Ongoing Development of the Bass Strait GNSS/INS Buoy System for Altimetry Validation in Preparation for SWOT

Round 1

Reviewer 1 Report

In this paper, the authors used GNSS (GPS + GLONASS) + INS instead of GPS-only + INS, to improve the SSH observation precision. PPK and PPP methods were considered to obtain high-precision SSH results. And the results are evaluated with the in situ mooring by 4 deployments. Finally, the authors tried to analyze the influence of sea conditions (wind, current, wave) on the accuracy of buoy SSH measurement. The authors have done a lot of work, but there are still some problems as follows,

1. Line 60-61, “While the study offered some insight into the precision of GPS/INS equipped buoys, the integration of non-GPS constellations was not considered, and the basic dynamics of the buoy were not investigated.” Not an accurate presentation.  Although Zhou did not consider other constellations (i.e., Galileo, BDS, and GLONASS) besides GPS, Huang et al., (Monitoring High-frequency Ocean signals using low-cost GNSS/IMU buoys) used the combination of GNSS and IMU to monitor the sea surface. Please check.

2. How does the buoy supply power during the experiment? Which modules consume power? What is the GNSS/INS power consumption?

3. Why not use GPS + BDS + Galileo instead of using GPS + GLONASS to avoid the inter-frequency bias?

4. Line 103-104, "The pressure gauge observes the integrated pressure field and is not sensitive to the wave field given the depth of deployment". If the pressure information is not sensitive to the wave information, will there be a large error in SSH observation? What is the accuracy of the bottom-mounted pressure gauge?

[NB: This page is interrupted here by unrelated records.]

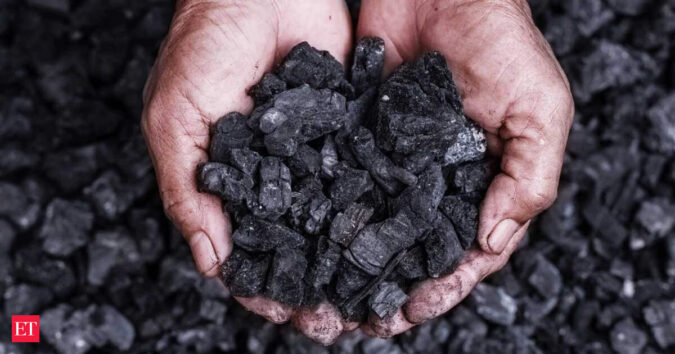 Govt seeks proposals for coal gasification projects under Rs 37,500-cr incentive scheme ET logo
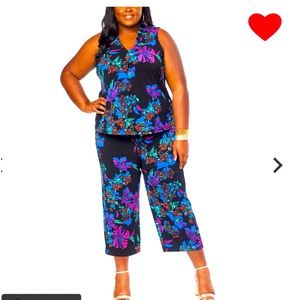 Iman 3XP Global Chic 2 Piece outfit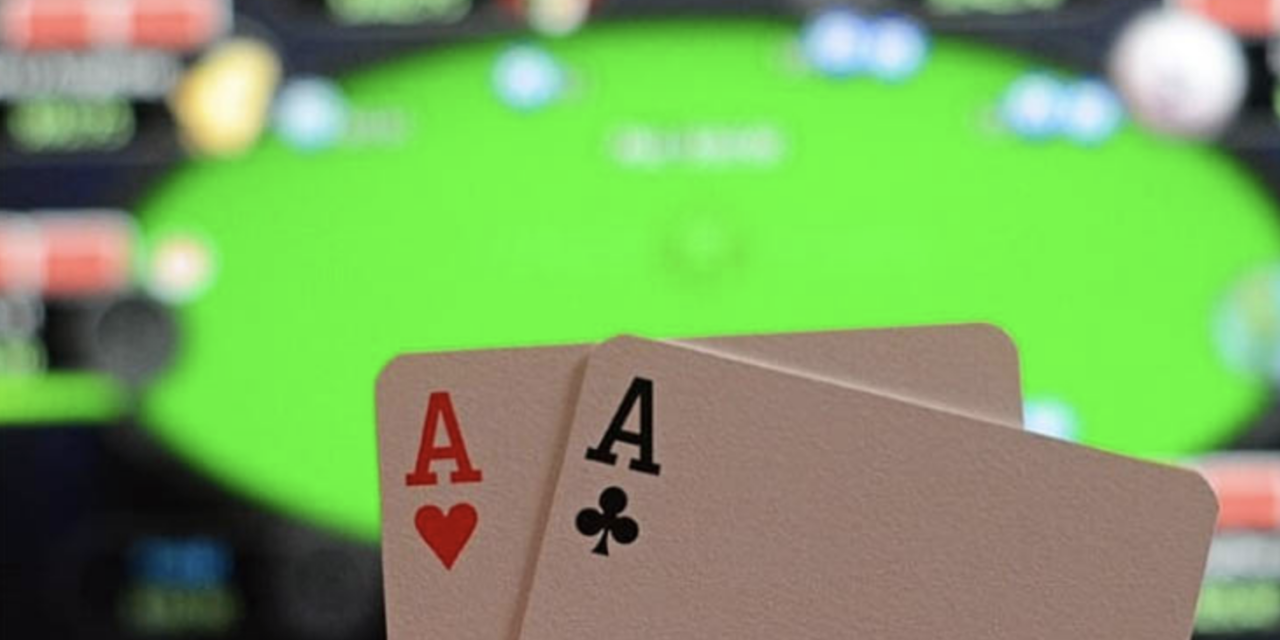 poker online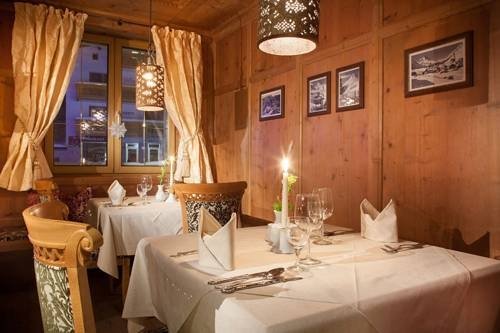 Фото Alpenresort Fluchthorn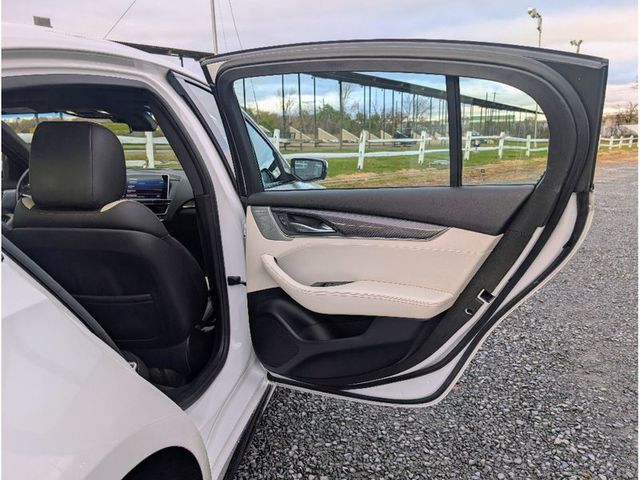 2020 Cadillac CT5 4dr Sedan Sport - 22948982 - 11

I think the authors need to give its parameters because we don't know whether GNSS+INS is more accurate or the pressure gauge is more accurate. Analysis of buoy motion parameters may be meaningless in the following manuscript if GNSS+INS accuracy is higher.

5. The sampling rate of the pressure gauge is about 20min, and it is not sensitive to high-frequency (such as wave) data. Can the influence of waves on GNSS+INS SSH measurement residuals be effectively analyzed?

6. What type of antenna was used in the experiment? Does the Marine environment have a significant impact on GNSS observation, such as a large multipath effect, or a high sea state will cause signal loss?

7. Line 169-170, “a differenced series between the SSH and the reconstructed tide series based on a decade long mooring SSH series at JAS CP was calculated.”Mooring data measures water depth (or pressure), while GNSS measures sea surface height (or ENU coordinates with respect to the base station). How to compare the values of two different reference coordinate systems? Please indicate in the manuscript.

8. Single-frequency or dual-frequency observation used for DD? In the case of dual frequency observations, is the IF model or uncombined models used in the calculation?

9. What products and models are used in the PPP? Is the PPP fixed solution performed? If the fixed solution is adopted, what about the bias products?

10. Due to the influence of wind and waves, the buoy will tilt, resulting in the height change from the antenna reference point to the sea surface. Whether this error is considered in this article, it is recommended to refer to and cite the paper “Di, M., et al. "Evaluation of Real-Time PPP-Based Tide Measurement Using IGS Real-Time Service." Sensors 20.10(2020).”.

11. Line 237, “the wave direction from INS can be calculated,” The buoy will rotate due to the combined force of waves and the tether. Can the direction measured by INS represent the direction of the wave at this time?

12. Line 271-273, ”With GLONASS introduced, up to 15 total satellites were tracked, forming a better geometry for estimation leading to solutions with noticeably reduced deviations from a smooth trajectory.” Why not add the analysis of DOP value?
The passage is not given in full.